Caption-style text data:
..............................

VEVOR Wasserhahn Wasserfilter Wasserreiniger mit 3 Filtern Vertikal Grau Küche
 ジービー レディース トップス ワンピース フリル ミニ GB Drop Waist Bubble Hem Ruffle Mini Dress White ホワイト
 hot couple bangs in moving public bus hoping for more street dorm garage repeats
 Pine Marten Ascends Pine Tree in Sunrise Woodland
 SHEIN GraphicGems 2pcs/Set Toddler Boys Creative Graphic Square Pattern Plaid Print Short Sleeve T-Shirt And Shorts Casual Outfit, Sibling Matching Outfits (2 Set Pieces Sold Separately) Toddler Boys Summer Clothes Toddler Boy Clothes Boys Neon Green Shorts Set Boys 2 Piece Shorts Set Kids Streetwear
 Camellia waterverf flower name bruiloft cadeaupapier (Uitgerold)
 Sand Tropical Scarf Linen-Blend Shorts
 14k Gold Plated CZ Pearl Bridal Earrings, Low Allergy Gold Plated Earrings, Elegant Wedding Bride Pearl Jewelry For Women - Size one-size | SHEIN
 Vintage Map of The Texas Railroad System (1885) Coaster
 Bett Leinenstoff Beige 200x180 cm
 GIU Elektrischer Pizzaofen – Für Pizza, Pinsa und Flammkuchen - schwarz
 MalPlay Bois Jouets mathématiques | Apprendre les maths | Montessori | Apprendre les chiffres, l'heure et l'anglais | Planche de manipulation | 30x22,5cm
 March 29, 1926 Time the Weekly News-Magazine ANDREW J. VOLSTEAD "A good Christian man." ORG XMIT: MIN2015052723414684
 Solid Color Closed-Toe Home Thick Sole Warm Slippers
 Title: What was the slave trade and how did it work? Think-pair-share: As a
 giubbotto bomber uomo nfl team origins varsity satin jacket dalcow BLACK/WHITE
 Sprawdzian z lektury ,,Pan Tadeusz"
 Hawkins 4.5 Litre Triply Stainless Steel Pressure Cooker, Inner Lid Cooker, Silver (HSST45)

..............................

◆ **Task to complete**
I need exact copies of the lines from the one holding "Vintage Map of" through the end of the records above, and nothing beyond them.

◆ **Result**
 Vintage Map of The Texas Railroad System (1885) Coaster
 Bett Leinenstoff Beige 200x180 cm
 GIU Elektrischer Pizzaofen – Für Pizza, Pinsa und Flammkuchen - schwarz
 MalPlay Bois Jouets mathématiques | Apprendre les maths | Montessori | Apprendre les chiffres, l'heure et l'anglais | Planche de manipulation | 30x22,5cm
 March 29, 1926 Time the Weekly News-Magazine ANDREW J. VOLSTEAD "A good Christian man." ORG XMIT: MIN2015052723414684
 Solid Color Closed-Toe Home Thick Sole Warm Slippers
 Title: What was the slave trade and how did it work? Think-pair-share: As a
 giubbotto bomber uomo nfl team origins varsity satin jacket dalcow BLACK/WHITE
 Sprawdzian z lektury ,,Pan Tadeusz"
 Hawkins 4.5 Litre Triply Stainless Steel Pressure Cooker, Inner Lid Cooker, Silver (HSST45)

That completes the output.